[Requirement]: Although the material holds pictures, none belong in the copy; transcribe exactly, and only, the lines from the one with "Elkay High - Quality" through the end.

[Recorded information]:
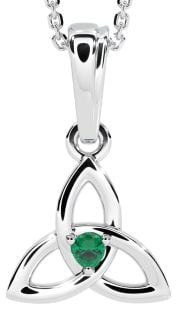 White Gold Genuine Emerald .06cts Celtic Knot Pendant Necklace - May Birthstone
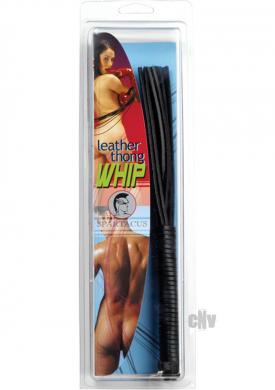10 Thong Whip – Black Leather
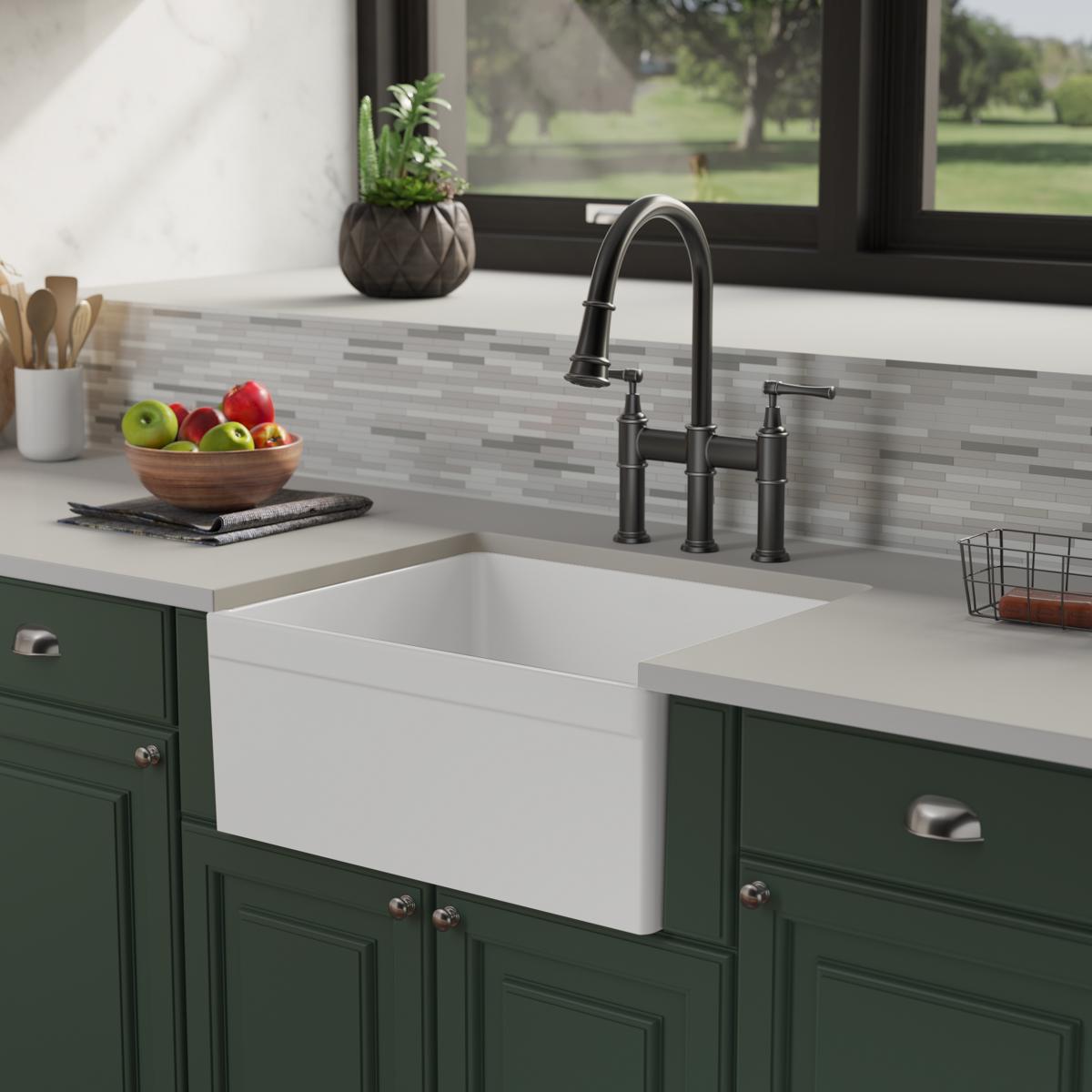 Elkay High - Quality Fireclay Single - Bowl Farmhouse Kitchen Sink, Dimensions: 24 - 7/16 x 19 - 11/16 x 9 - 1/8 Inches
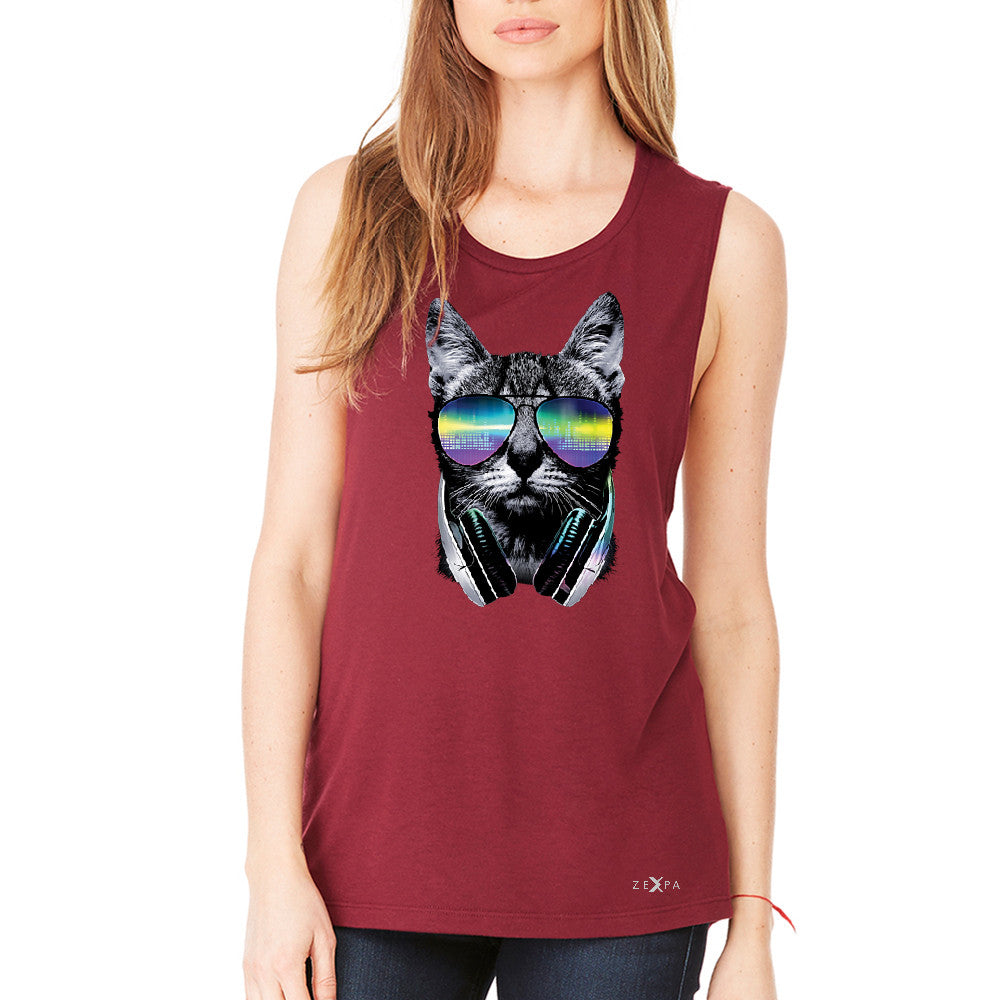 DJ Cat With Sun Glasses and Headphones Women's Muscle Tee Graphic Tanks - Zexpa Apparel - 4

[Task answer]:
 Elkay High - Quality Fireclay Single - Bowl Farmhouse Kitchen Sink, Dimensions: 24 - 7/16 x 19 - 11/16 x 9 - 1/8 Inches
 DJ Cat With Sun Glasses and Headphones Women's Muscle Tee Graphic Tanks - Zexpa Apparel - 4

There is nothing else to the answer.